Meeting delivery times is another way to maintain those relationships. Every tool moving through West Ohio is bar coded and scanned as it completes the intended operation at each station. It all feeds into a central computer that can track where every job is. About 95–98% of their business is within the 4–6 week delivery window, but they do offer faster service at a premium. Their basic philosophy is to partner with the customer to make tool improvements and then to keep them out of crisis mode. If a crisis does occur, West Ohio maintains an inventory of raw bar stock and can cut and prep blanks in-house.     

       

Presetting Boosts Production

Walking around a shop full of CNC mills, lathes, centerless grinders, a metrology lab, and special metal-treating equipment, it's obvious that engine valves are not a commodity item in the NASCAR, NHRA, and F1 worlds.  

Xceldyne Technologies (Thomasville, NC) is arguably the world leader in high-performance valve train part production, and in the machining of other racing components. It has invested significantly in manufacturing equipment to produce titanium valves for these high-performance applications, producing hundreds of valves per day, every day.

For Nextel Cup engines, valves are changed out after every race, every weekend. Valve-train parts include titanium valve locks, valve seats, retainers, guides, and other ancillary products that support the valve. Other parts produced by Xceldyne are fuel pumps, cam drives, and various prismatic engine and suspension components. They are machined on vertical and horizontal milling centers in a production environment, and by CNC milling in the R&D department.

In the last three years, the plant has expanded to 35,000 ft2 (3252 m2), and all the equipment on the floor is less than four years old.
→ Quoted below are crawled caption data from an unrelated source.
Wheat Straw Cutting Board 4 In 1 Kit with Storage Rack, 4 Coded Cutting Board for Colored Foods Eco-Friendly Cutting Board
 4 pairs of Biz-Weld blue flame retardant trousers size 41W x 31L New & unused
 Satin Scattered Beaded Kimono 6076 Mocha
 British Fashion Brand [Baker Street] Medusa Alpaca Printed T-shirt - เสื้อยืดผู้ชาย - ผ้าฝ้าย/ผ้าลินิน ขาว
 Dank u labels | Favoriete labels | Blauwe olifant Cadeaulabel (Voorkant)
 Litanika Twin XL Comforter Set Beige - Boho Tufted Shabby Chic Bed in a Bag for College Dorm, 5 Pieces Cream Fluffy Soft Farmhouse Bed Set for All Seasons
In all, the company is operating 55 CNC machines to accomplish its work, supported by a state-of-the-art metrology lab.

With that kind of demand for its products, Xceldyne sought a way to get more production out of its machining centers. One of the bottlenecks it identified was measuring or touching-off tools on the machining centers to measure offsets. When the machines were doing that, they were not making chips.

Production time was lost, Xceldyne estimated, perhaps as much as 10% of the machine time. Ten percent of a two-shift day could be up to two hr of machine time.

"We went to the IMTS show with the intent of finding ways to improve the efficiencies on the job-shop side of our business," says Eric Gale, milling group leader. At IMTS, Xceldyne visited Zoller Inc. (Ann Arbor, MI) and learned about its smile tool presetter.

A few months later, taking delivery of the Zoller smile, Xceldyne decided to install it right next to the machining center cell where it could support the shop's production milling. Zoller came to the shop to train the crew for several days on-site.

The smile is a universal, noncontact, vision-based presetter and measuring machine that is designed to be quick to learn. It can handle tool diameters to 600 mm and lengths to 800 mm. Measurements are repeatable to ±0.002 mm, with a display accuracy on the 12" (305-mm) TFT color display of 0.001 mm—which is a big help when the crew at Xceldyne is inspecting insert edges for damage and wear.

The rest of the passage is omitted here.